KARABAKH FRONTRUNNER SWEEPS PRESIDENTIAL VOTE
By Karine Kalantarian in Stepanakert

Radio Liberty, Czech Rep.
July 20 2007

The candidate backed by the leadership and main political parties of
Nagorno-Karabakh scored a resounding victory in Thursday’s presidential
election, local election officials said on Friday.

According to the preliminary vote results released by the Central
Election Commission (NSS), Bako Sahakian, the former head of Karabakh’s
National Security Service, won 85 percent of the vote.

They showed his main challenger, Masis Mayilian, coming in a distant
second with only 12 percent.

The CEC put the voter turnout at just over 77 percent.

Mayilian quickly conceded defeat, saying that he will congratulate
Sahakian after the publication of the final vote results. "I consider
Bako Sahakian a legitimately elected president and respect the choice
of our people," he told a news conference in Stepanakert.

Mayilian, who was the unrecognized republic’s deputy foreign minister
until recently, described the election as a further boost to Karabakh’s
"democratic image." "Our team has done everything in its power to
give our citizens a real choice and to hold the elections within the
bounds of law," he said.

The Mayilian campaign lodged more than 20 written complaints to the CEC
alleging ballot box stuffing and other irregularities.
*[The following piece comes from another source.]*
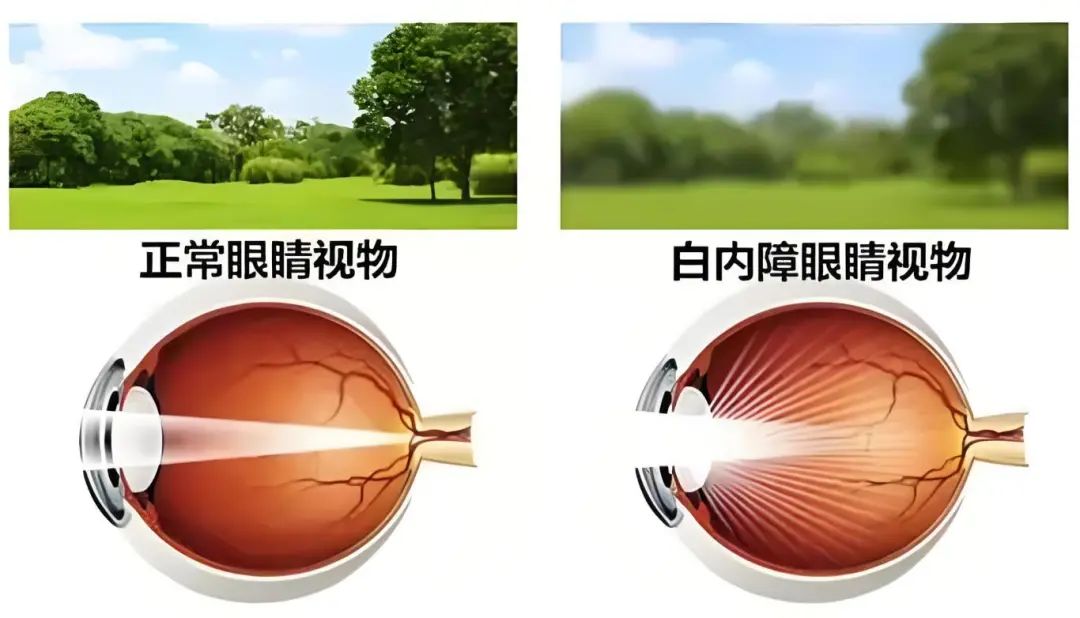 医保惠民生，让复明不再“彷徨”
Most of those
complaints were rejected by the CEC. The commission chairman, Sergey
Nasibian, told RFE/RL that election officials confirmed and prevented
some of the attempted violations reported by the opposition candidate.

Mayilian agreed that the alleged fraud was not serious enough to
affect the election outcome. "Even if there were falsifications,
most votes were properly counted," he said.
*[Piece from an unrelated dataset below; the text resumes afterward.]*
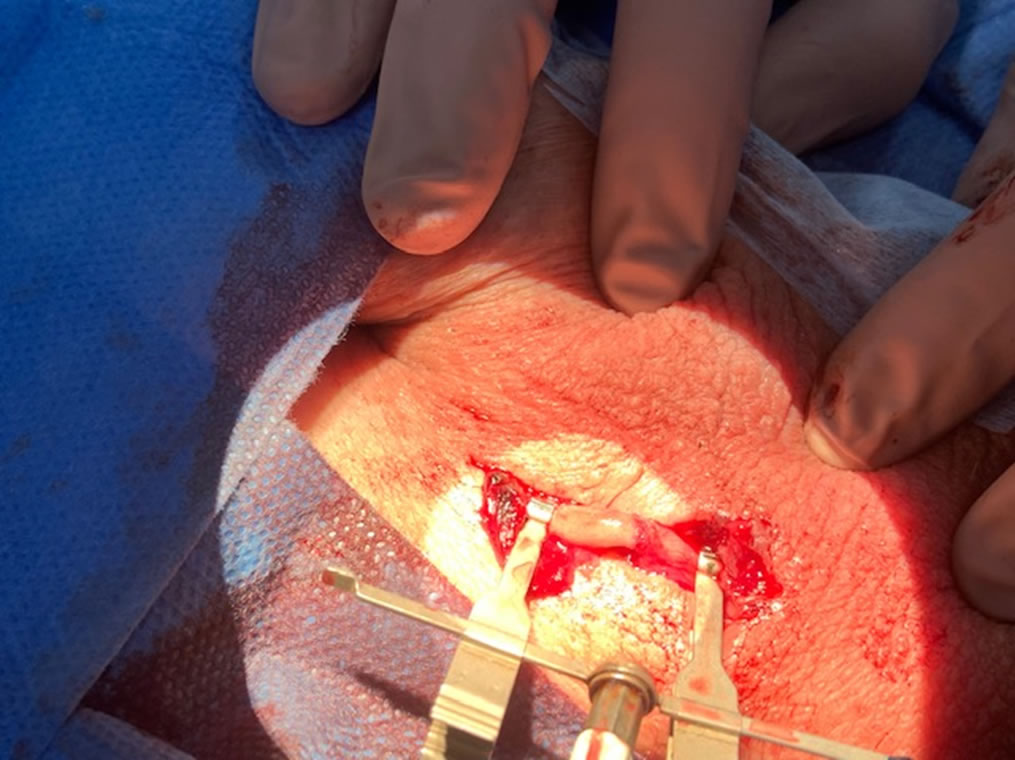 Anastomosis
The nearly one hundred observers from Armenia, Russia, Europe
and the United States, most of them monitoring the vote in their
private capacity, also described it as largely democratic in separate
statements on Friday.

Leading international organizations and Western governments have
joined Azerbaijan in denouncing the election, saying that it can not
be deemed legitimate in the absence of the disputed region’s former
Azerbaijani minority.

"The European Union underlines that it does not recognize the
independence of Nagorno-Karabakh," the EU’s Portuguese presidency said
in a statement on Thursday. "Neither does it recognize the legitimacy
of these ‘presidential elections,’ which should not have any impact
on the peaceful settlement of the Nagorno-Karabakh conflict."

The authorities in Stepanakert and Yerevan have dismissed the
criticism, arguing that the Karabakh Armenians should be represented
in the ongoing peace talks by their elected leaders.

"These elections testify to the success of a statehood anchored in
democratic values," President Robert Kocharian said in a congratulatory
message to Sahakian. "They once again demonstrated the irreversibility
of the Nagorno-Karabakh Republic’s existence."